### Exercise description:
Using the material below, return exactly the lines between the one holding "Black Background with" and the one holding "Kidney-Shaped Walnut Wood", inclusive, and no others.

### Records to use:
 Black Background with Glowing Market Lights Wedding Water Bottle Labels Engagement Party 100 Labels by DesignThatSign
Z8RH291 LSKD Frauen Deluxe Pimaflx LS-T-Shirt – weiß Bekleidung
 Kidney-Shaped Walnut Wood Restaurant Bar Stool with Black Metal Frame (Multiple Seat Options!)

* * *

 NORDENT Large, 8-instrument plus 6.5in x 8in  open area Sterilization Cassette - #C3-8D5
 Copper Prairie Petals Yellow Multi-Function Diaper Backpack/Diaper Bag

...

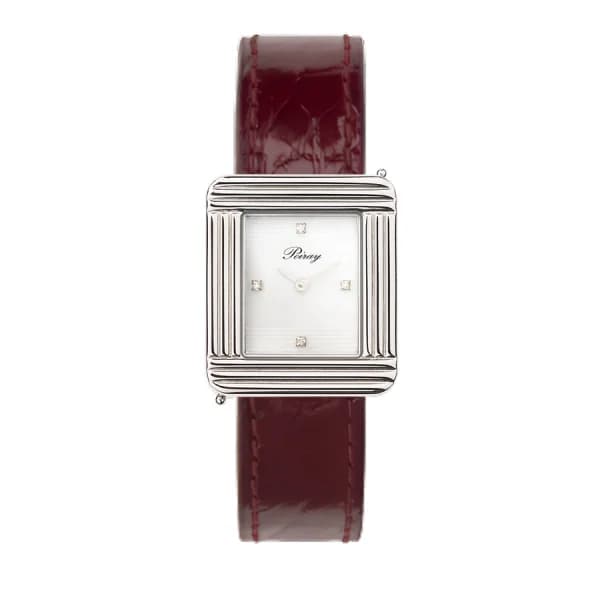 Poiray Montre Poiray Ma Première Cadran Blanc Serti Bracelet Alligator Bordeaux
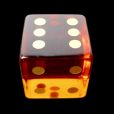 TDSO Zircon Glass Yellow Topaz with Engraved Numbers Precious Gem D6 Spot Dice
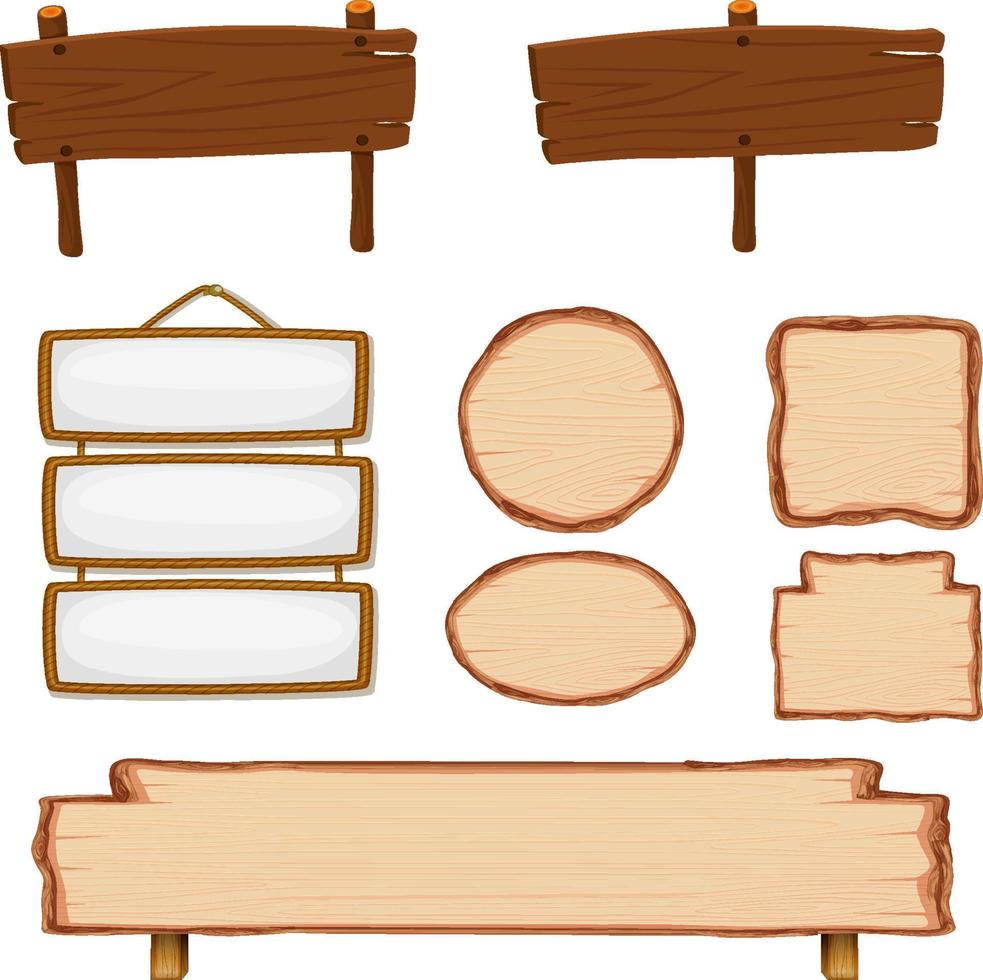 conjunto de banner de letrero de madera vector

### Final answer:
 Black Background with Glowing Market Lights Wedding Water Bottle Labels Engagement Party 100 Labels by DesignThatSign
Z8RH291 LSKD Frauen Deluxe Pimaflx LS-T-Shirt – weiß Bekleidung
 Kidney-Shaped Walnut Wood Restaurant Bar Stool with Black Metal Frame (Multiple Seat Options!)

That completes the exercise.